Lettera - Il terreno fragile del “fine vita”

Dalla Rassegna stampa

Caro Orlando, un’inchiesta dell’inserto "è vita" di Avvenire enuclea le associazioni, i gruppi di studio, i partiti favorevoli, in Italia, alla legalizzazione o alla depenalizzazione dell’eutanasia: da "Exit Italia" a "Libera Uscita", dall’"Associazione Coscioni" a "A Buon diritto", da Aduc alla consulta di bioetica, fino al Partito radicale. Il "fine vita" è un terreno fragile, che inevitabilmente divide. Il diritto o lo stato possono permettere la legalizzazione della «dolce morte»? Alcune «scelte individuali» possono essere doverosamente considerate da chi ha l’onere di scrivere le leggi? L’eutanasia è fisiologicamente un campo minato, controverso: alla base d’ogni cultura, d’ogni antropologia di riferimento, ci sono acquisizioni di fatto. La vita è sacra, inviolabile, indisponibile? Oppure essa in certuni casi può diventare anche disponibile? Sono quesiti profondi. Sono lacerazioni, che ognuno di noi si porta dentro, codificate a chiare lettere. È ingiusto, illegittimo, pensare che tutti gli italiani possano aderire irreversibilmente ad una stessa morale. Fra l’etica tradizionale e la morale laica, si staglia limpida un’etica della cittadinanza, che contempera le concezioni multipolari della gente.

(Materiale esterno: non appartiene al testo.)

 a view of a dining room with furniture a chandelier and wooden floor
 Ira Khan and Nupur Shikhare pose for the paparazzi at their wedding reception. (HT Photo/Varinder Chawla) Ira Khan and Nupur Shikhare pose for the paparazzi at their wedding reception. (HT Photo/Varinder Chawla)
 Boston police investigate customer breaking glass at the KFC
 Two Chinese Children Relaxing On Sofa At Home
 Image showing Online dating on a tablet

È ingeneroso liquidare lo spot dell’associazione Coscioni sull’eutanasia come «propaganda ideologica» o «provocazione violenta». È corretto che, nel nostro paese, si discuta anche di «dolce morte». Certo, come non condividere, per intanto, la posizione culturale del senatore Ignazio Marino, che vorrebbe una legge veramente liberale sul testamento biologico e un investimento massiccio sulle cure palliative.